A modest week-over-week drop was reported for fixed rates on residential loans, and an even bigger decline is likely in the next report.
Thirty-year note rates on single-family loans averaged
4.25 percent during July. Mortgage rates dipped 2 basis points from the preceding month.
But last month’s mortgage rates were nowhere near as good as they were in the same month last year, when the average 30-year note rate was 3.87 percent.
Ellie Mae Inc. reported those findings in its July 2017 Origination Insight Report.

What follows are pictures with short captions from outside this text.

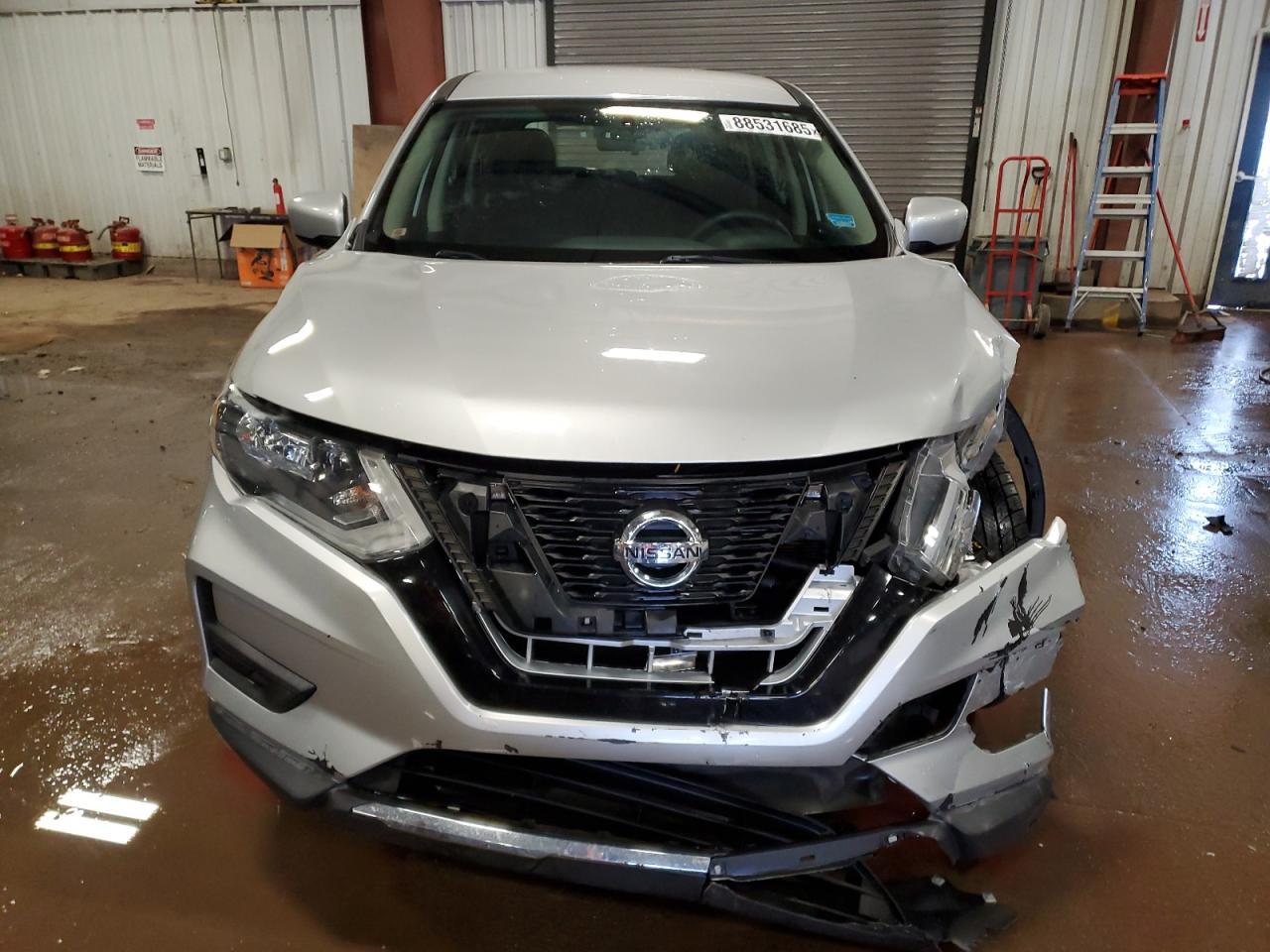 2017 NISSAN ROGUE SV - Image 5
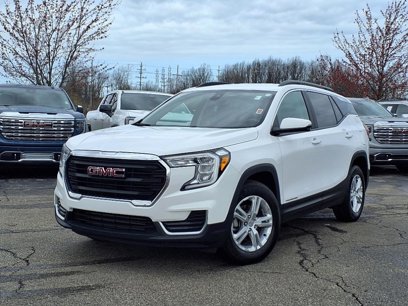 Certified 2022 GMC Terrain SLE w/ Driver Convenience Package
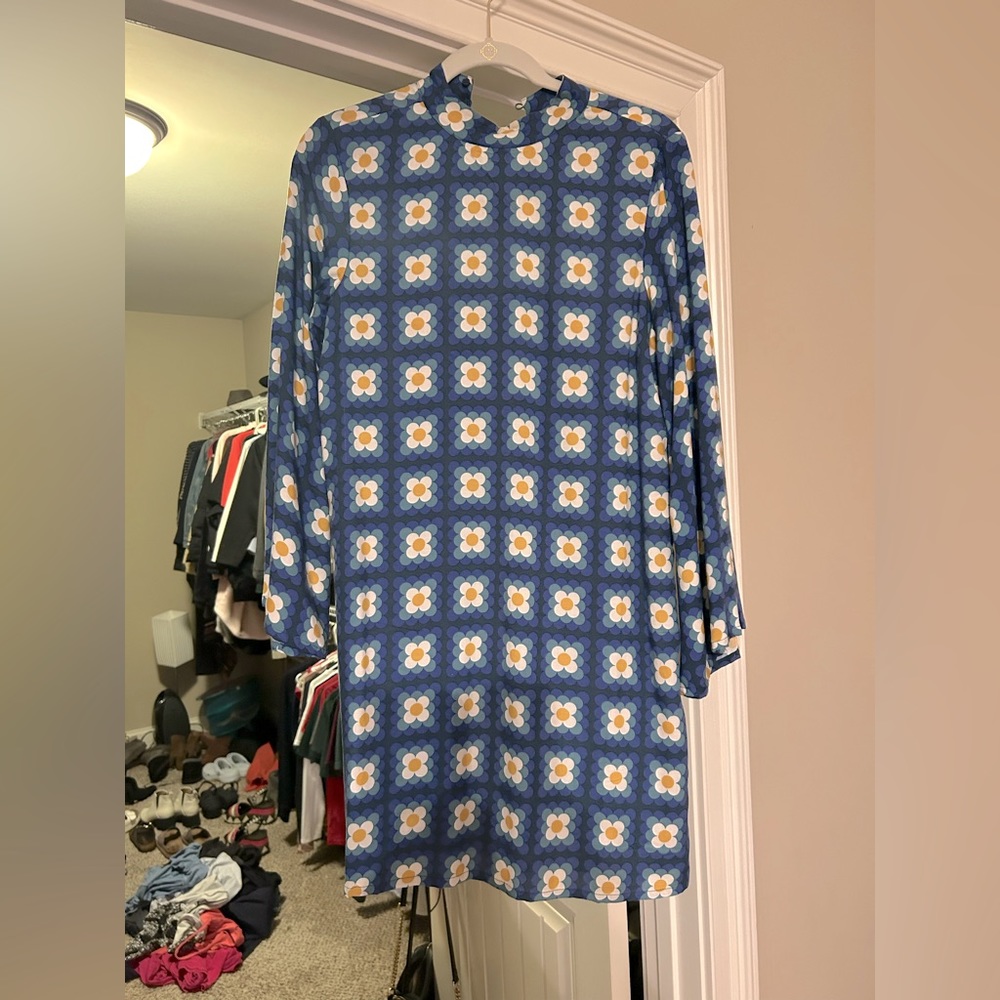 Daisy blue dress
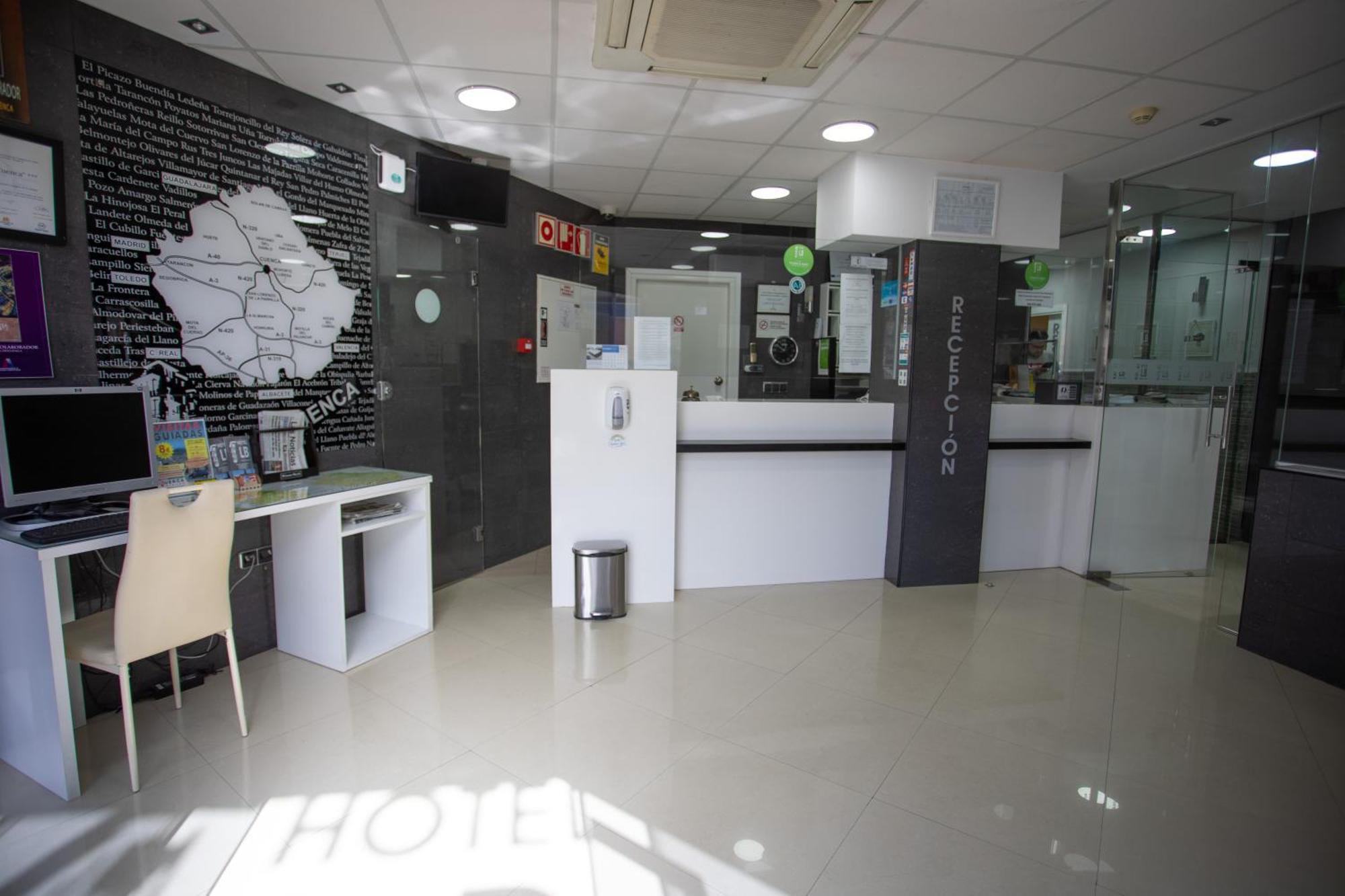 Hotel Lb Villa De Cuenca Cuenca  Ngoại thất bức ảnh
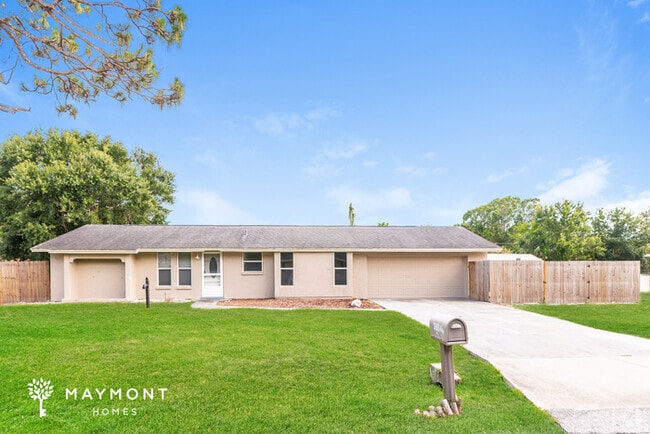 Building Photo - 3834 San Luis Dr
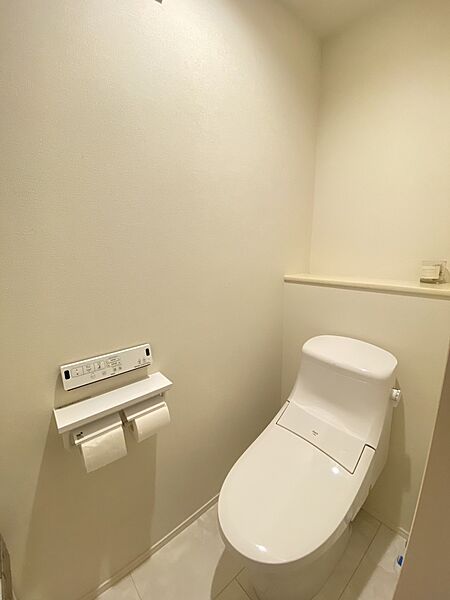 温水洗浄機能付きのトイレで、いつも快適に♪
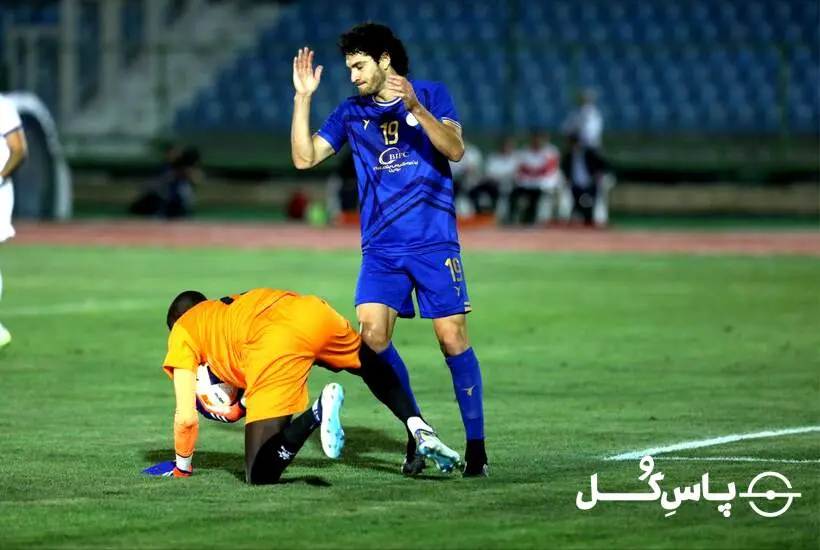 استقلال ۳ - ۰ الغرافه قطر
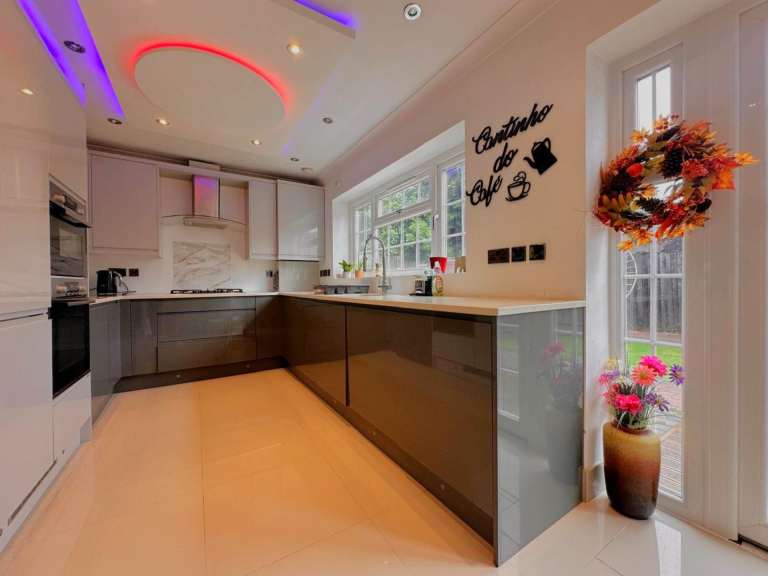 3 bedroom house in School Approach, Hayes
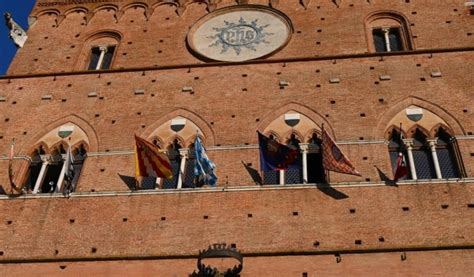 PALIO 16 AGOSTO PRESENTAZIONE DEL DRAPPELLONE REALIZZATO DA MARCO LODOLA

Interest rates on conventional loans were 4.31 percent in July
2017, while rates on mortgages insured by the Federal Housing Administration were 4.25 percent, and rates on loans guaranteed by by the Department of Veterans Affairs averaged 4.00 percent.
During just the seven days ended Aug. 17, thirty-year fixed rates averaged 3.89 percent in Freddie Mac’s Primary Mortgage Market Survey. The average dipped from 3.90 percent a week earlier but sat well above 3.43 percent a year earlier.
“Mortgage rates are continuing to hold at low levels amidst ongoing economic uncertainty,” Freddie Mac Chief Economist Sean Becketti said in the report.
MBSQuoteline Director of Sales and Marketing Joe Farr
explained in a written statement that interest rates appear to have worsened since Freddie conducted its survey. Rates were driven higher by a strong retail sales report.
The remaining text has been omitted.